▸ The task: Your copy should begin at the line containing "Pampy Angel Women's Grey Slides" and end at the last line of the records; transcribe those lines exactly and leave out every picture.

▸ Exercise inputs:
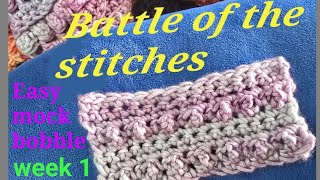 Battle of the stitches week 1 Easy mock bobble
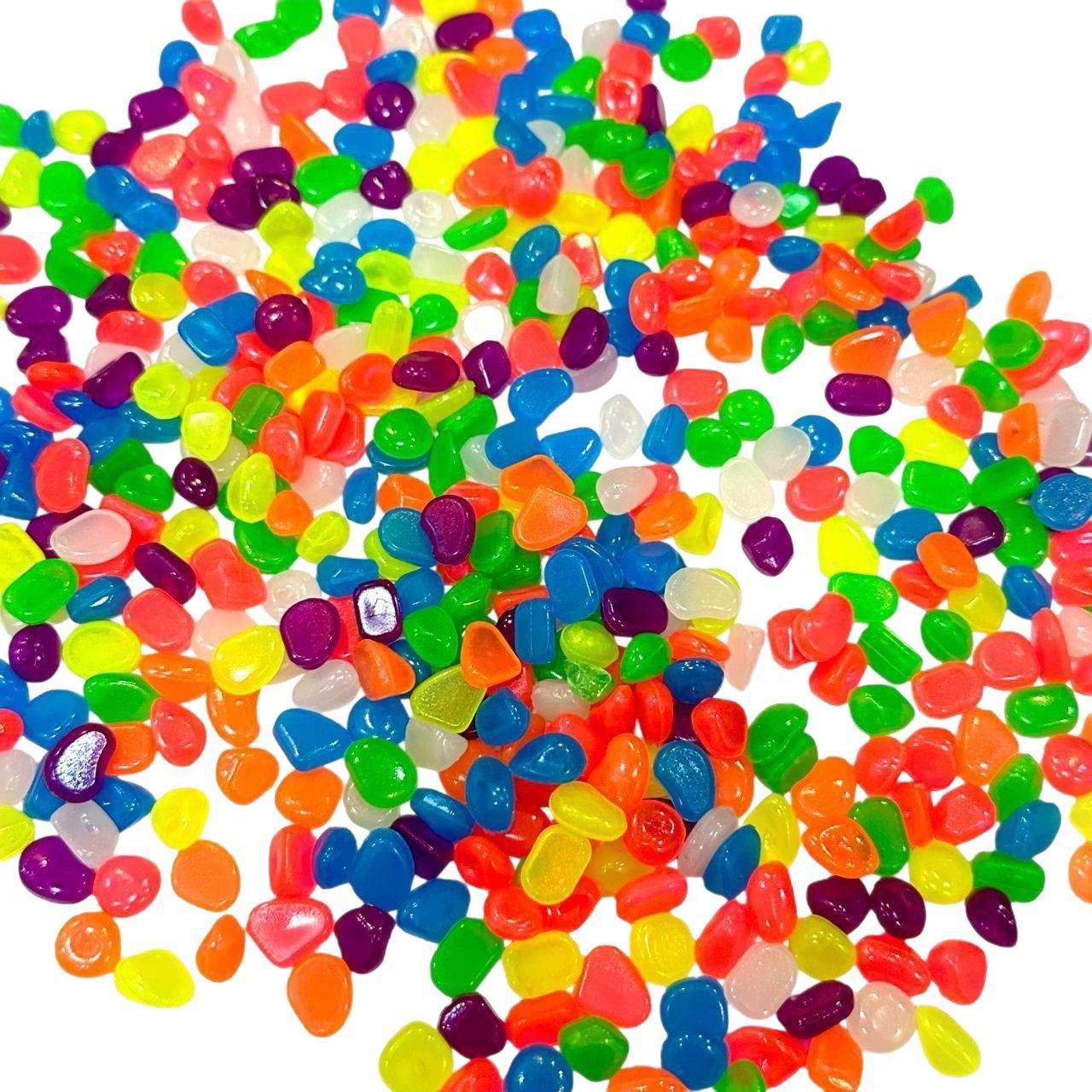 5-8mm Small Luminous Stones, Artificial Fluorite, Aquarium Gardening, Fish Tank Landscaping, Colorful Stones, Cross-Border Glowing Pebbles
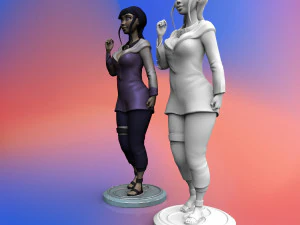 hyuga hinata from anime naruto 3d print model 3D Print Model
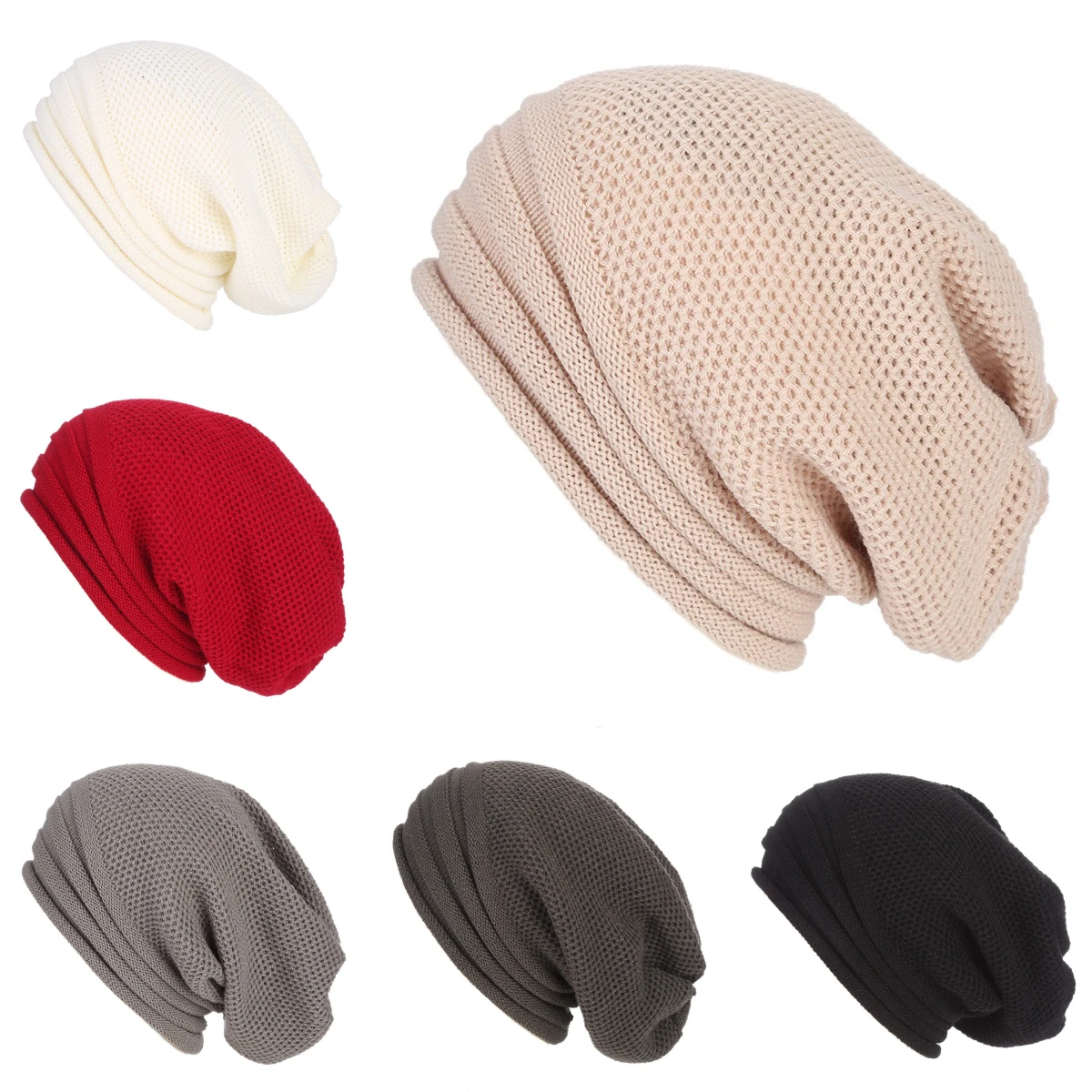 Solid Color Knitted Hat for Men's and Women's Spring Fashion Baggy Slpuchy Beanie Hat Outdoor Soft Comfortable Stackable Hat
Solid Color Knitted Hat for Men's and Women's Spring Fashion Baggy Slpuchy Beanie Hat Outdoor Soft Comfortable Stackable Hat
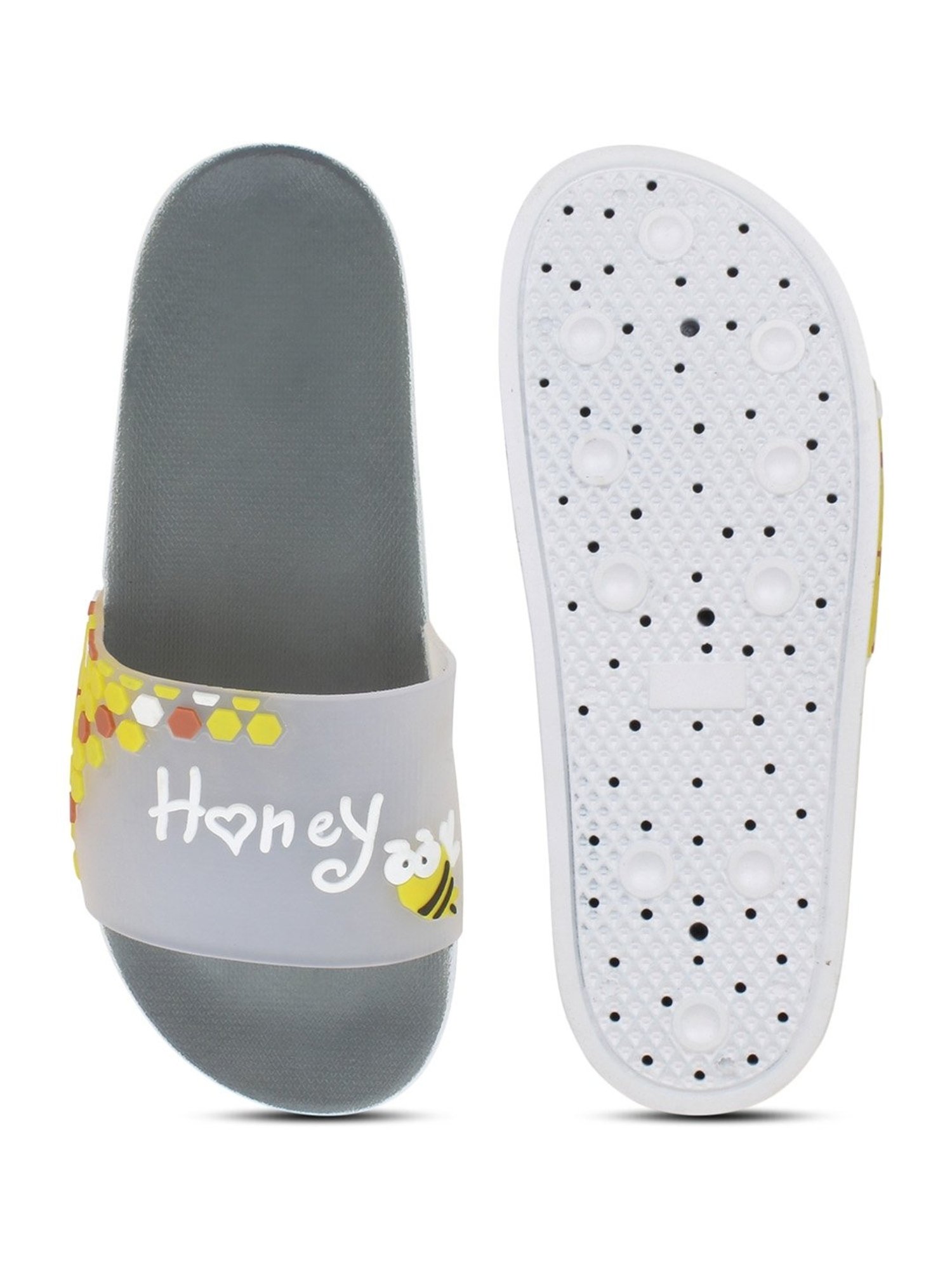 Pampy Angel Women's Grey Slides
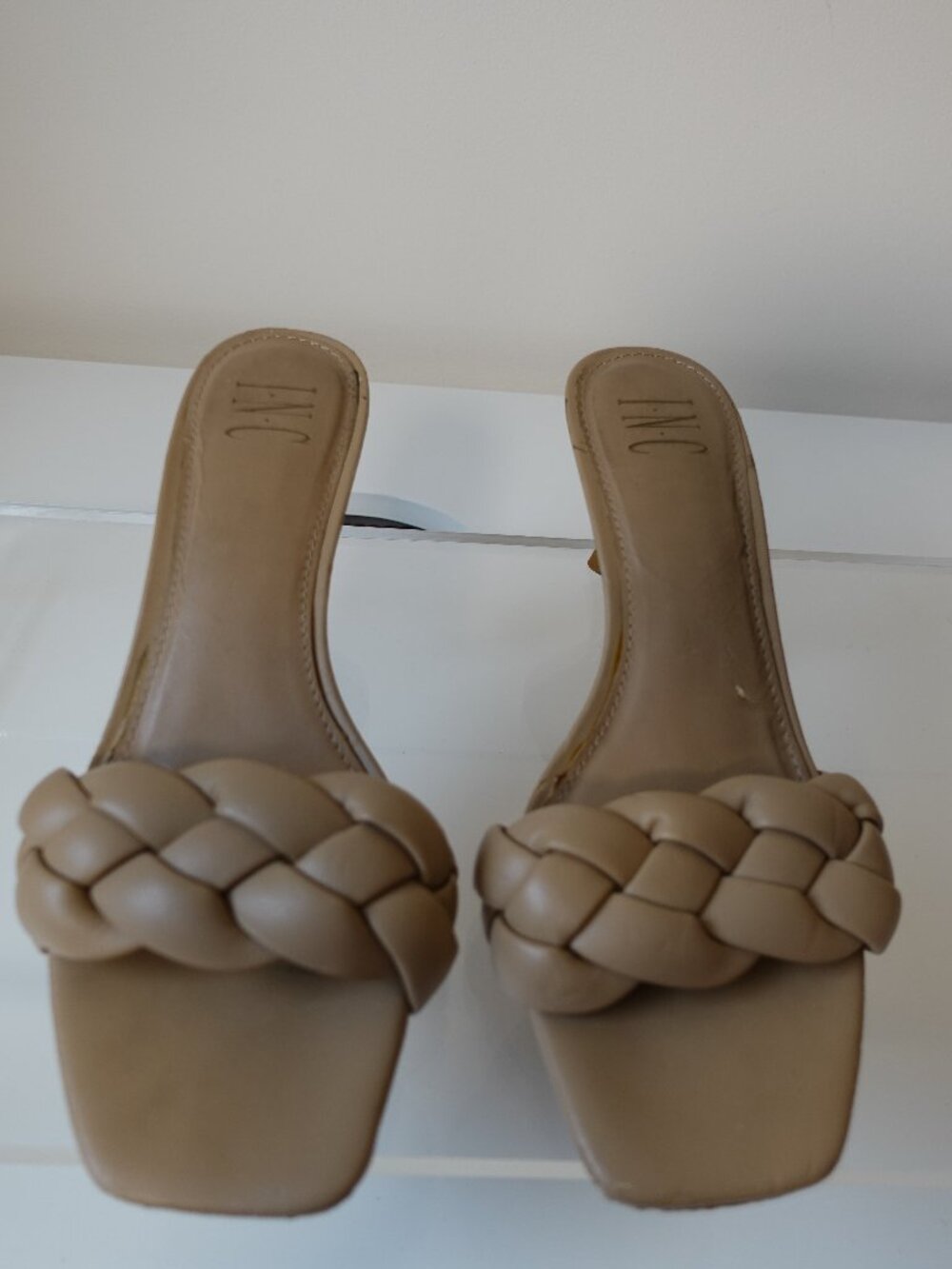 NC slide braided sandals Size 8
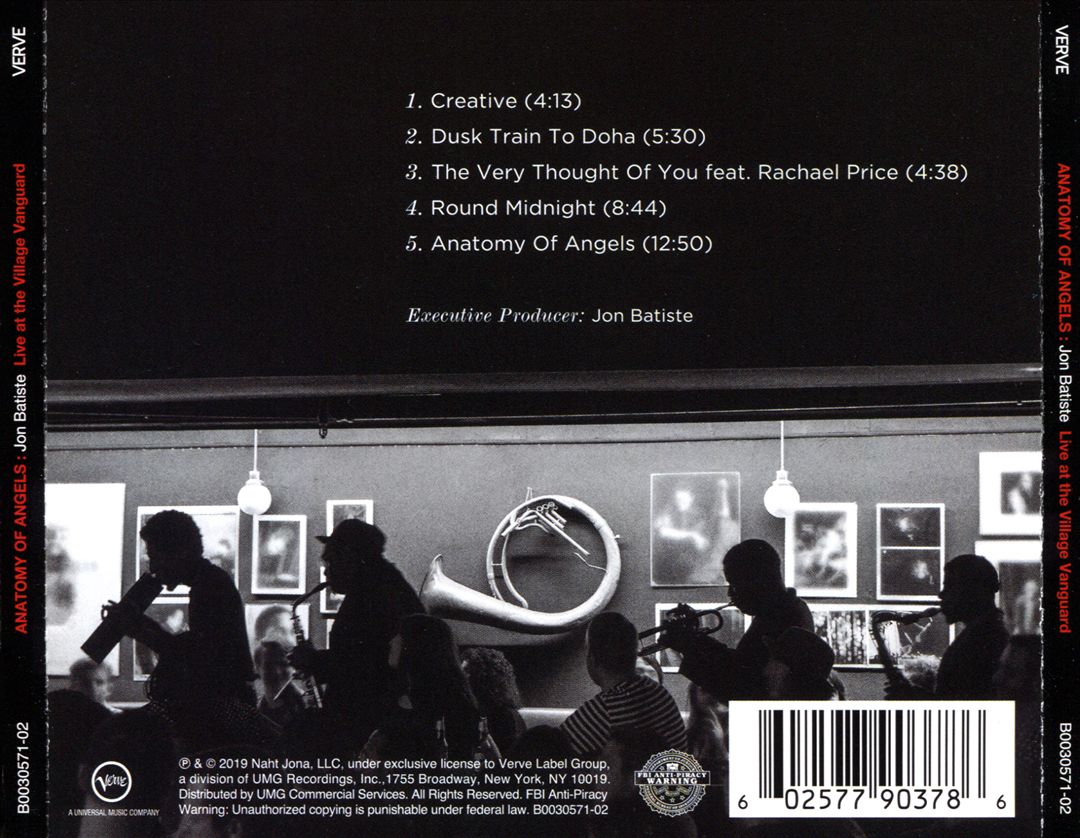 Anatomy of Angels: Live at the Village Vanguard cover art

▸ Written solution:
 Pampy Angel Women's Grey Slides
 NC slide braided sandals Size 8
 Anatomy of Angels: Live at the Village Vanguard cover art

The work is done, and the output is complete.